Of all the ways in which Donald Trump is unsuited to be President of the United States, his treatment of women is the one that puts him completely out of tune with his times.
Three more women went public this week with accusations of his attempts to force himself on them.
The incidents might have occurred some time ago, when this sort of behaviour was all too common, but it should never be supposed that all men, or probably most, acted this way towards women.
It was perhaps tolerated too much but it was never admired. Gentlemen regarded such men as social clods and women saw them as sexual creeps.
That fact that women are now coming forward to expose such men, in the movie industry, television and politics, is to be thoroughly welcomed. No sympathy should be spared for these specimens of the recent past.
They always deserved the opprobrium they are receiving now. The fact that the White House is occupied by a creep who has been recorded boasting of the sort of behaviour he now denies is an affront to the dignity of women but not a setback for social progress.
The shock that Trump was elected despite the recorded boast has made American women more determined to expose men like him. A remarkable number of women have had the courage to come forward this year against various celebrities and the more who do so, the more others will find the courage.
It takes real courage, not just because women will be challenged as to why they did not speak out when it happened, but also because sexual abuse has a terrible way of making its victims feel somehow complicit.
Those making allegations against Trump know they are inviting ridicule not just from him but from the sizable slice of American voters who looked past his treatment of women when they put him in power and continue to support him.
Strangely they include a peculiarly American breed of Christians called evangelicals. Trump has turned United States politics into a cultural war of primitive attitudes against today's civilised values.
The latest battleground in the war has been Alabama, which held an election yesterday for the Senate seat vacated by Trump's Attorney General, Jeff Sessions.
The election should have been no contest as soon as the Republican nomination went to a former state Supreme Court judge, Roy Moore, who has denied allegations of sexual assault from a number of women, some of them teenagers at the time.
Leading Republicans distanced themselves from Moore but Trump did not. He endorsed Moore and urged Alabamans to vote for him to maintain a reliable Republican majority in the Senate.

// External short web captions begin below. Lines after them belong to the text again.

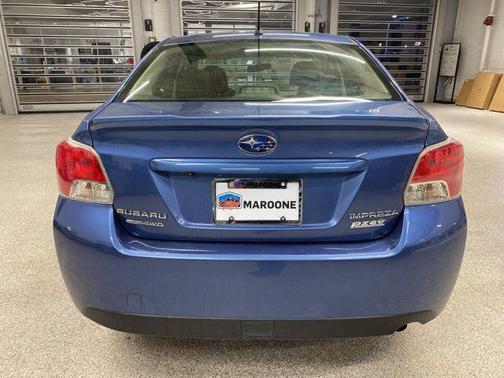 2015 Subaru Impreza 2.0i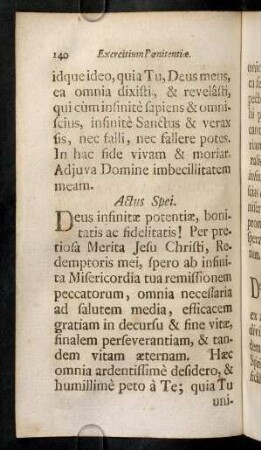 140-150, Actus Spei. ...
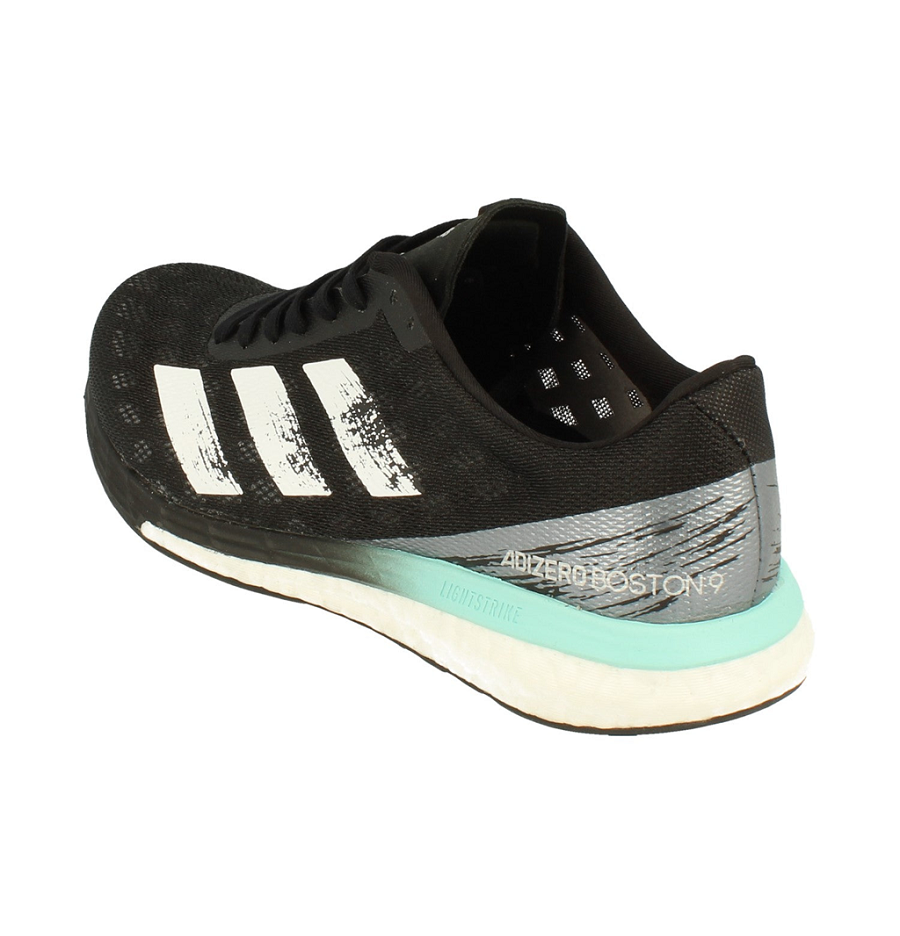 Giày Adidas Adizero Boston 9 'Core Black' FY0342 - Ảnh 3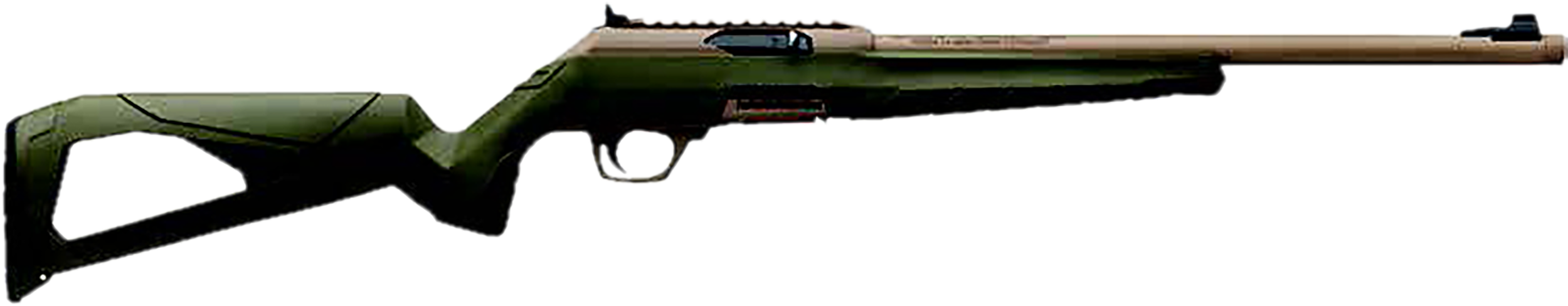 Winchester Guns Wildcat, Wgun 521159102 Wildcat Sr S      22lr 18   Odg/fde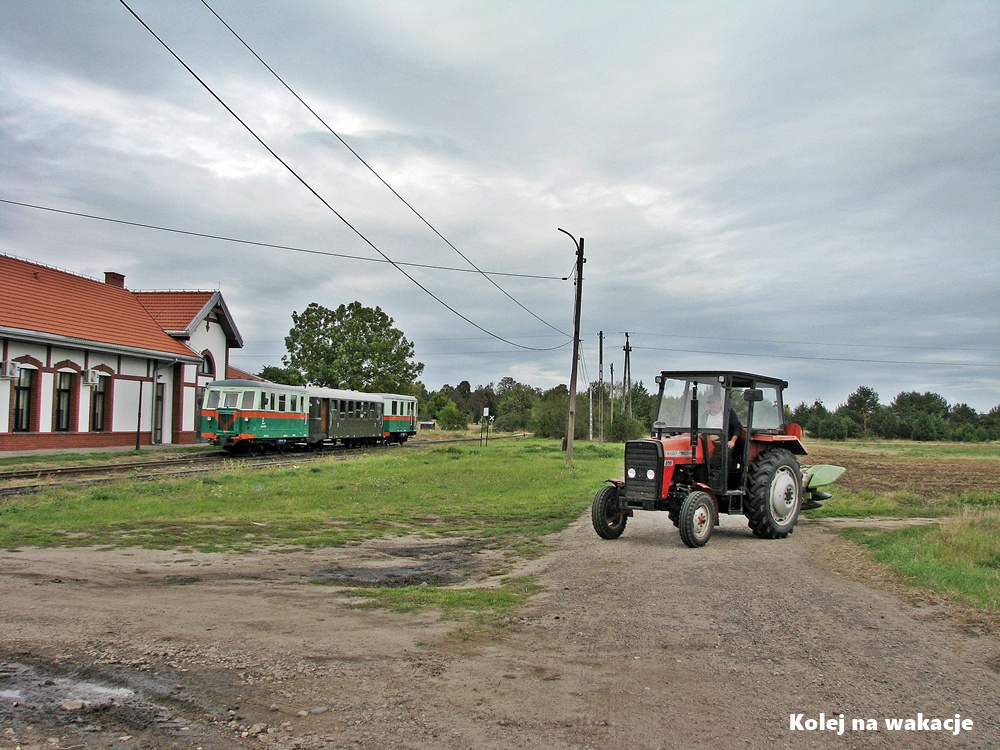 Wąskotorowe Mazowsze
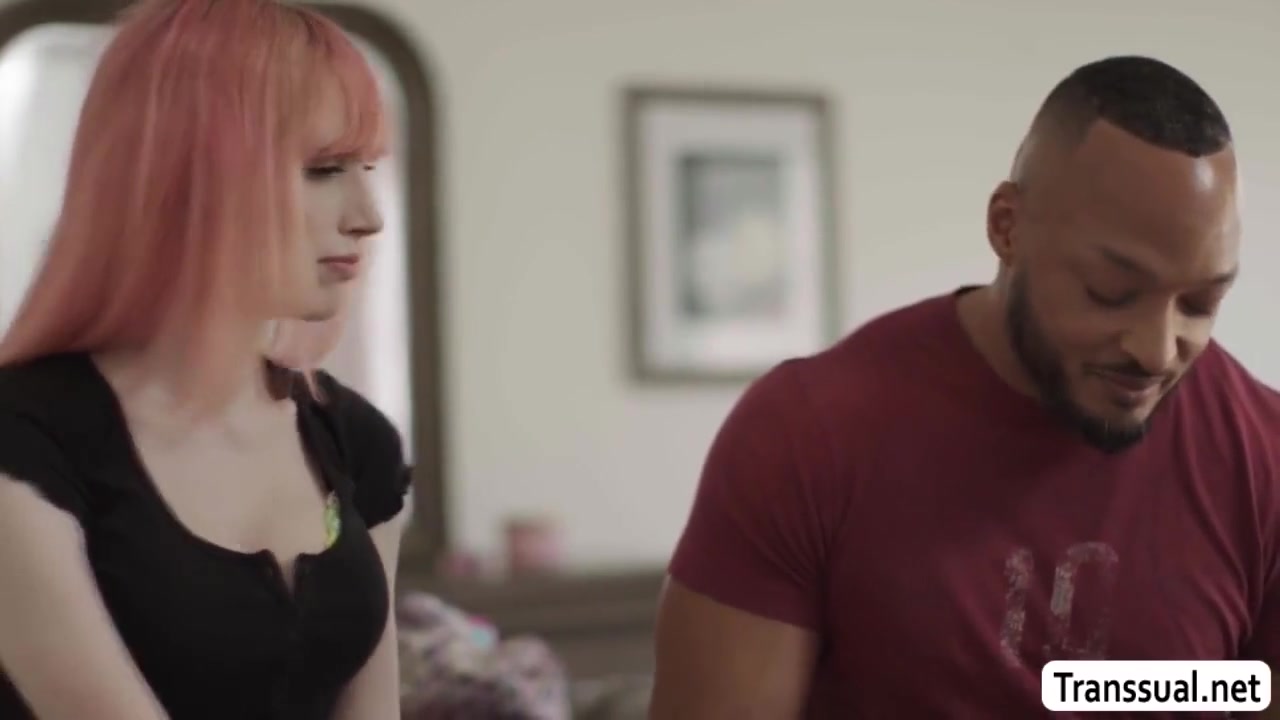 Black Rimjob And Analed His Ts With Dillon Diaz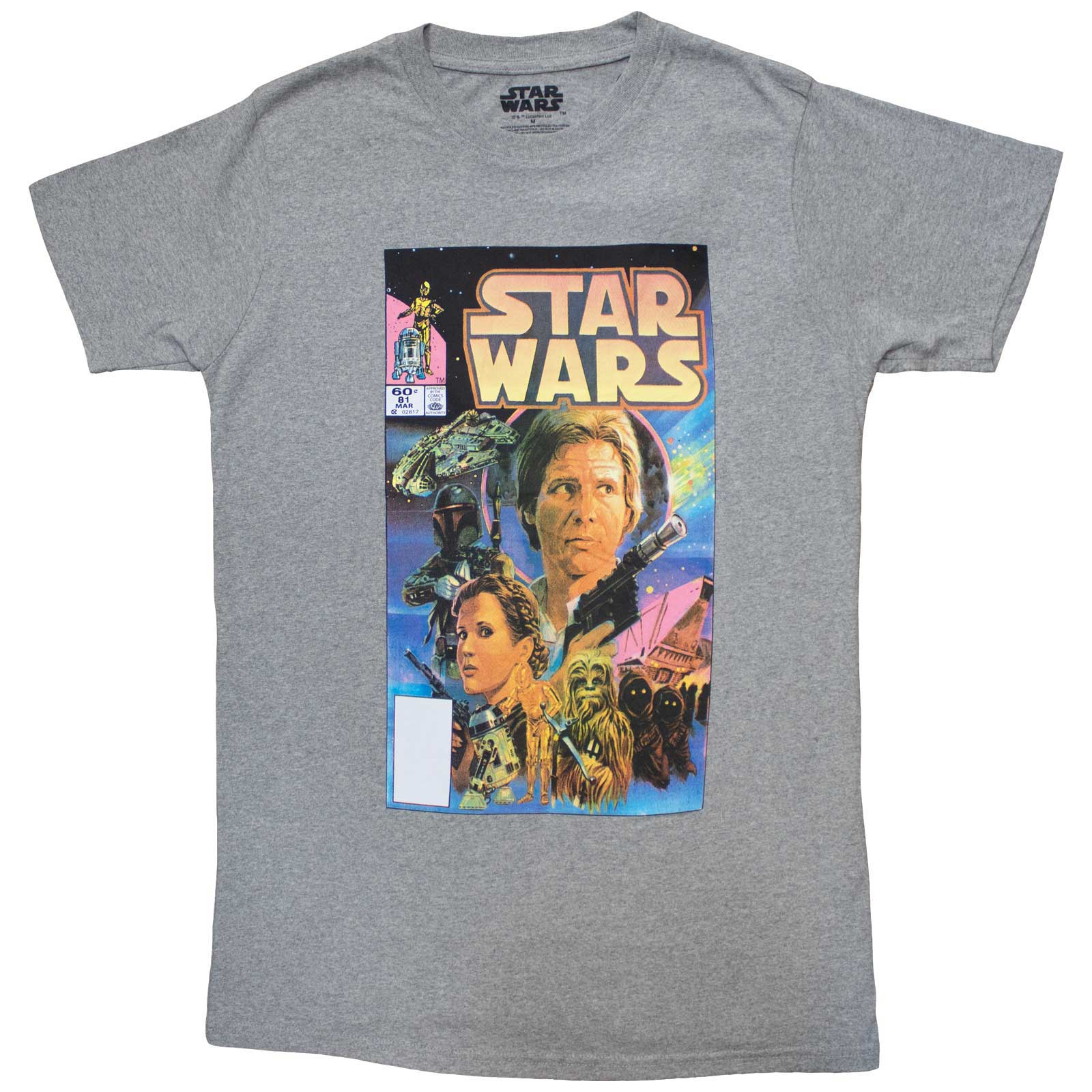 Star Wars: The Original Marvel Years Vol.3 T-Shirt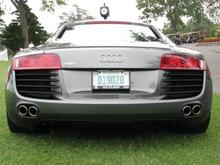 Audi R8 Daytona Gray 2008 (18)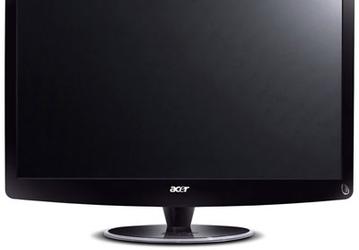 Acer оснастила 3D-монитор HN274H встроенным излучателем ИК-сигнала, совместимым с комплектом NVIDIA 3D Vision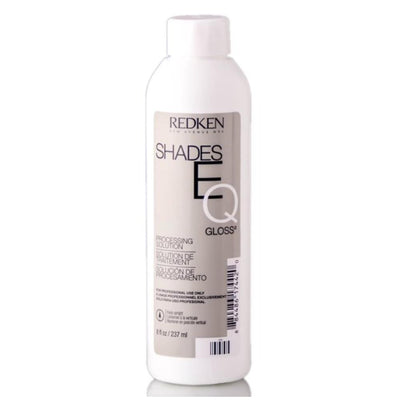 Redken Shades EQ Gloss Processing Solution 8oz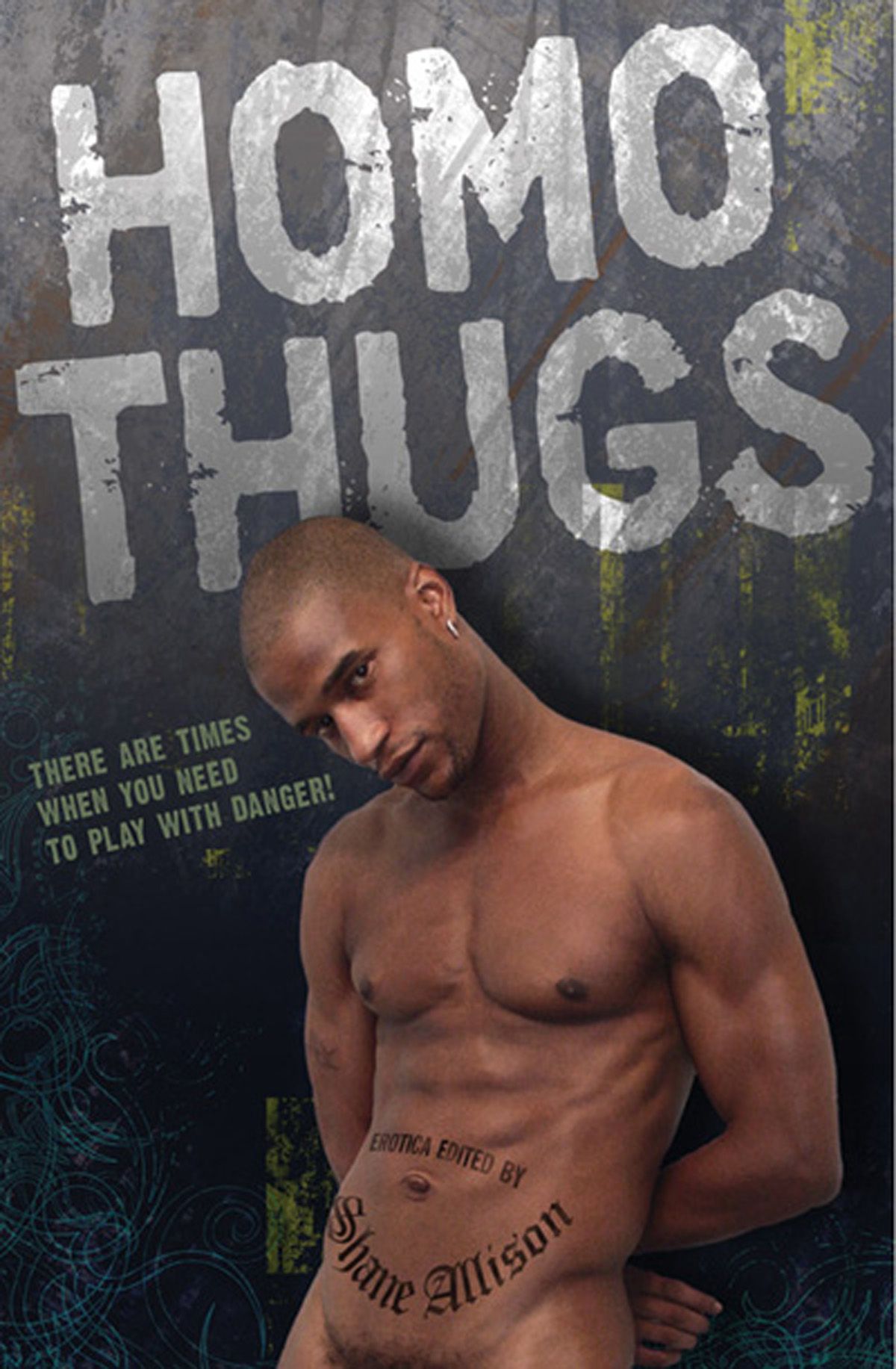 Homo Thugs By Shane Allison 9781934187791 (Paperback)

The victory of Democrat Doug Jones yesterday was a triumph in a state that is solidly Republican and had not sent a Democrat to the Senate in 20 years.
Moore and Trump can blame his loss on the allegations he has denied, and they are right. When a deeply conservative state votes this way it suggests the great majority of Americans are moved by the women making these charges, as they should be.
Trump is out of step but he will be the last to realise it. Women are demanding more respect and they are winning.